Combining our efforts. With our investors’ blessing we were able to completely buy back Visage, which has enabled us to focus on running one company rather than two.
The Lessons We’ve Learned
Our first decade has been a wild ride of self discovery: an education in building a business, wins, losses, and everything in between, plus more La Croix than a human can consume. Naturally, we’ve all grown tremendously.
Jason, Ross, and I, along with our awesome of team, have *sort of* grown up. Many of us have started families in the last several years, and we’ve learned more and more about what it means to live a creative life and do creative work.
Above all, we’ve learned two things that guide what we do and how we do it, every day. They’re the foundation of what we’ve built. What we know for sure:
1) Best Story Wins
After 10 years of creating, experimenting, winning, and failing, we know that there is no great content without a great story. That’s why we made it our tagline, “Best story wins.”
2) People Matter
We didn’t set out to build Column Five, but we’re so happy we did. We’ve been lucky enough to work with some amazing people. We take these relationships seriously, and we always strive to be the best partners in every way, to our clients, to our team, and to our community. This philosophy is encapsulated in our core values:
- Do Good Work: We care about the quality of our work—and what the work we make does for our partners and the world. We have no problem saying no to brands whose beliefs or work hurt the world, the environment, or the people we love.
- Value Our Partners: Since we only work with people we’re proud to do business with, we believe they deserve our best—the best ideas, the best solutions, and the best creative work.

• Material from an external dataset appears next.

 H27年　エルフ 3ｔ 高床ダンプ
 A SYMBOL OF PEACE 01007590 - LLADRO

- Be Good to Each Other: Creativity dies in a hostile, jealous, or stifling environment. We have built our team with intention, bringing in people from all over the world and all walks of life to collaborate and create together. We push each other and support each other in every way, whether it’s lending an extra brain to a client project, hosting a friendly competition at the company picnic, or celebrating the success of someone’s side hustle.
- Be Humble: It’s exciting to get awards and acknowledgement, but you’re always back to square one on Monday. We like to push ourselves but keep a level head. (That’s also why Jason, Ross, and I will never barricade ourselves in a corner office.)

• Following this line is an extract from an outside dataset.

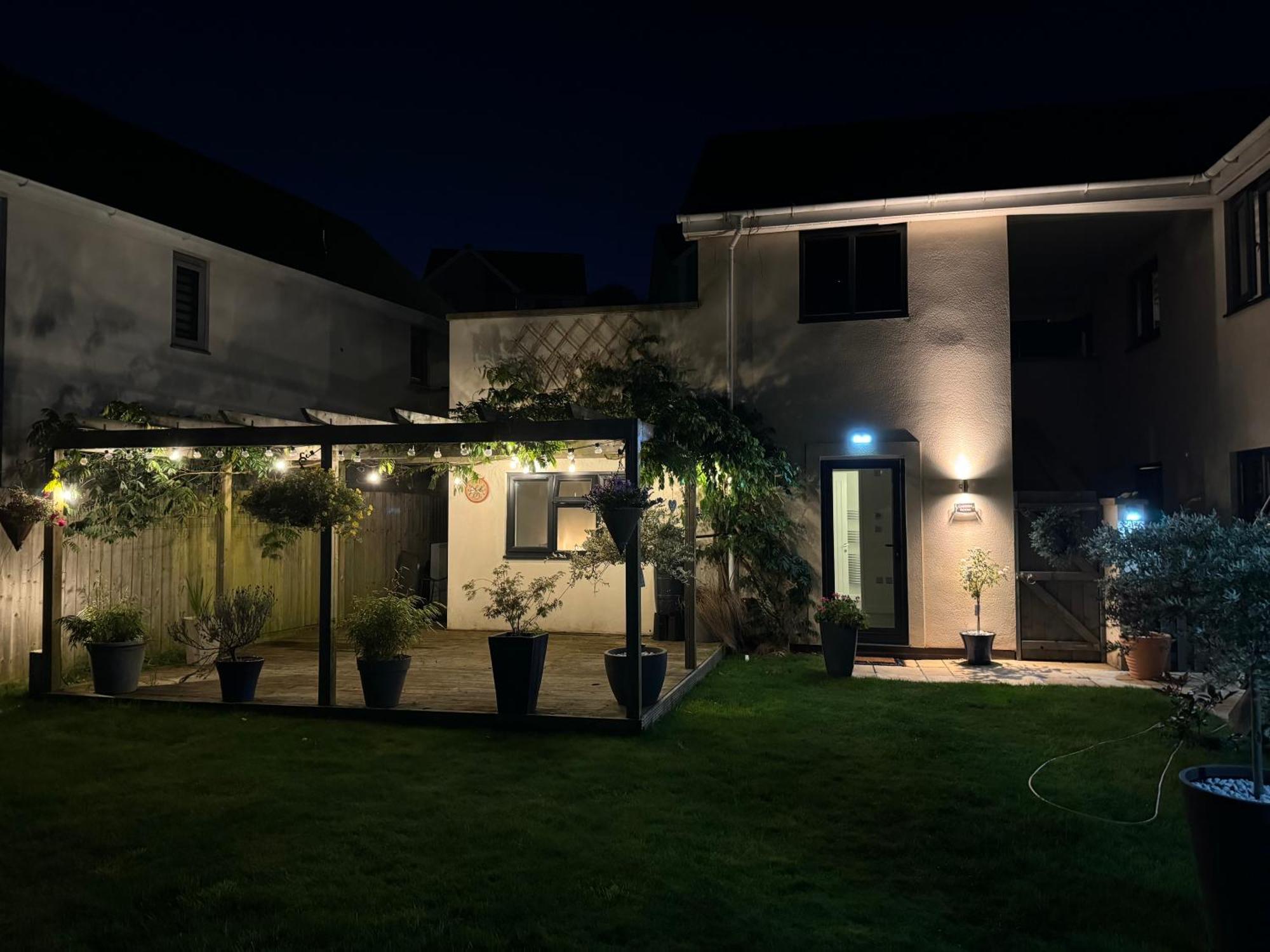 The Garden Room Торки Экстерьер фото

- Experiment Often: It’s scary to fail, but you can’t grow unless you’re willing to risk it. We encourage each other to try new things, expand our skills, go outside our comfort zone, and—even when we fail or make mistakes—share the lessons we’ve learned so we can all grow.
Growing C5 is an ever-evolving process, and now, in our 10th year, we’re eager and excited to enter the next decade with a strong foundation and the knowledge of who we are and why we’re here.
What the Future Holds
The world is a crazy place, but we’re excited to be a part of it and continue to push our industry and ourselves to do more and be better. For us, that means:
- Helping brands tell their best stories. We want to help brands connect with people in a way that means something.
Pushing ourselves in every way. We plan to learn new things, try new stuff, and challenge ourselves to grow, especially when it’s uncomfortable and messy.
Having fun along the way. We only have here and now. We love that we’ve built a place full of great people who make us happy to show up each day.
Creating a company that allows for people to have their ideal life-work balance. This is something that we take seriously, and having fewer things to focus on these days means we can be more intentional about figuring it out.
Staying true to ourselves. We feel strongly that we’re seeing an exciting shift in how companies, big and small, act in the world. We’re determined to grow our business in ways that encourage more compassion and accountability in the world—not sacrifice people for profit.
Most importantly, we want to make sure that anyone who comes across our path has a great experience. For us, every day is a chance to realize our vision of helping to promote the concept of living a healthy and fulfilled life.